Mark Ortiz, an engineer that writes a monthly column in Racecar Engineering, wrote about this issue in his newsletter linked below. In the case below, he is talking about an RX-7 rear suspension which only has the UCAs angled a little bit in plan view. The Mustang is a much worse case.
http://www.google.com/url?sa=t&rct=j&q=&esrc=s&source=web&cd=2&ved=0CDEQFjAB&url=http://www.eviltwinmotorsports.com/wp/wp-content/uploads/2012/01/Chassis-Newsletter-2011.11.pdf&ei=6JzDUv6YNtfdoATWi4HwBg&usg=AFQjCNGBmbf33WdMqMKKu_KNjV0Mh_ufzQ
Bill Shope, one of the original Ramcharger engineers from the 1960's, discusses the 4-link bind problem and a lot of other related stuff on his excellent website:
http://www.shopeshop.org/contentsDrag.htm
I do not doubt that if one installs UCAs in a Mustang that have stiffer bushings, the car is going to have better forward grip when accelerating from a stop, in a straight line. This is a virtual certainty.

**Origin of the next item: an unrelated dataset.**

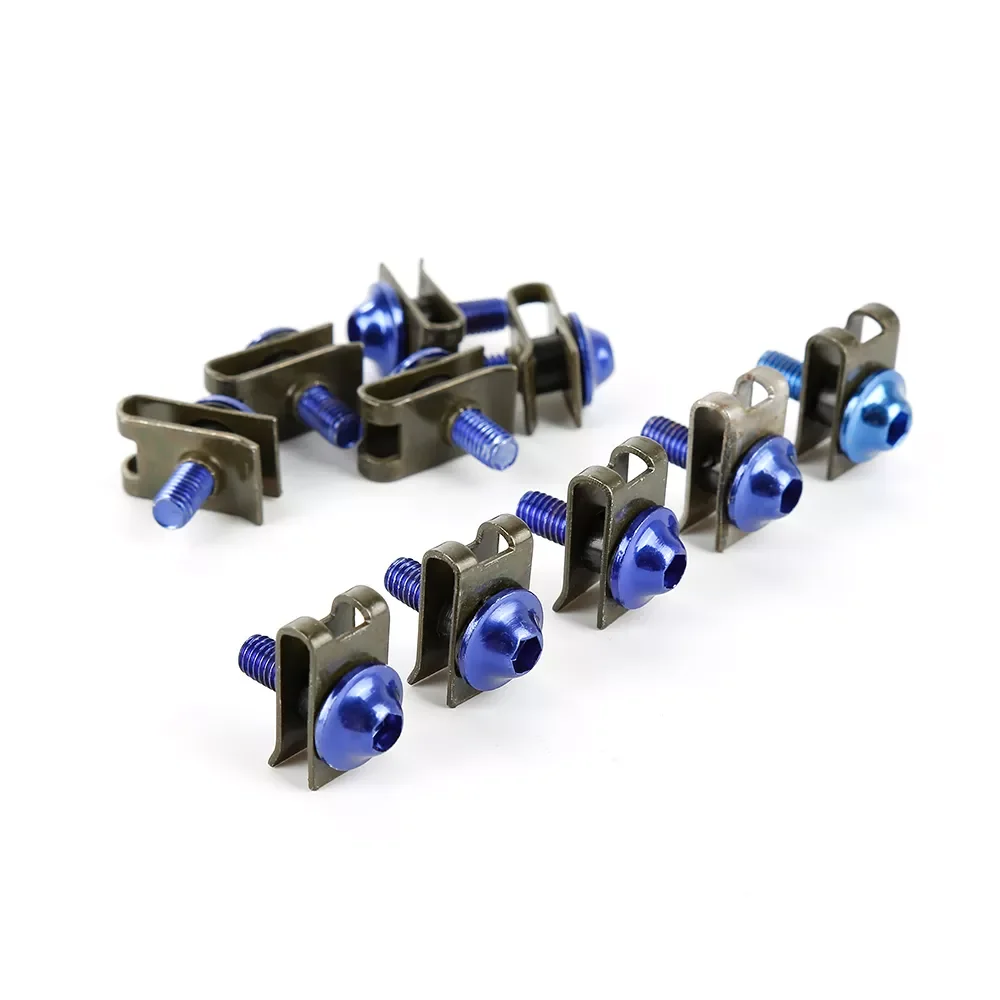 

Universal 10PCS/SET Motorcycle Shell Screw 5mm M5 Aluminium Fairing Bolts Fastener Clip Screw Spring Nuts Motorcycle Accessories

The important thing to do is to understand why.
With any solid axle, rear wheel drive car, when the car accelerates the driveshaft torque is reacted by the rear suspension. This means that as driveshaft torque increases, one rear tire will have more vertical load on it and the other rear tire will have less vertical load on it. When any pair of tires share the load more unequally, they have less total grip available. With a solid axle drag car, the goal is to have the rear tire loads equal during the run. This gives the car maximum forward grip from the pair of rear tires.

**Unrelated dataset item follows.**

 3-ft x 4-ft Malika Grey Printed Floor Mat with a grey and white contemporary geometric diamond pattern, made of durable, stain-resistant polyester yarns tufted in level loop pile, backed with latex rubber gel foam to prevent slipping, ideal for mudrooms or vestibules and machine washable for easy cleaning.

What needs to be done to make the rear tire loads equal all the way through the run? When the ratio of rear to front suspension roll stiffness is infinite, the rear tire loads will always be equal. This occurs when the car is a tricycle with one front wheel. The front suspension has zero roll stiffness, since the front tire is free to roll from side to side with zero resistance. In this case, when there is any roll stiffness in the rear suspension, that makes the ratio of roll stiffness infinite.
The physics behind the last two paragraphs can be understood if you read through Bill Shope's website above. You may need to read through all of it more than once.
It should be clear now that installing aftermarket UCAs in the Mustang suspension, which almost always have a bushing configuration which results in more roll stiffness, results in more forward grip in a straight line because it increases the ratio of rear to front roll stiffness. The downsides are that the stiffer the UCA design is, the more load is placed on the control arm mounts and bushings. In addition the car will ride worse and will have a lot of oversteer when cornering. How bad these affects are is a function of how stiff the UCA configuration is.
If one cares about forward grip in a straight line, they could just as easily install a stiffer rear swaybar. This has the advantage of not damaging the car, rides much better and can be adjusted/disconnected for street driving so as to not make the handling scary. Note that this is only one way of achieving the same thing as the stiffer UCAs do.
In our opinion using UCAs with stiffer bushings is usually the wrong thing to do since it has the most negative side effects and the same positive affects can be had with other solutions that have virtually no downsides.
The only reason we don't manufacture UCAs is that we think it is the worst solution to making the rear suspension better. We could make them just as easily as the RLCAs we make. We don't not make UCAs in an attempt to upsell people to a TA/PHB combination. (I know that was a funky double negative, but I'm too tired to figure out how to fix it now.)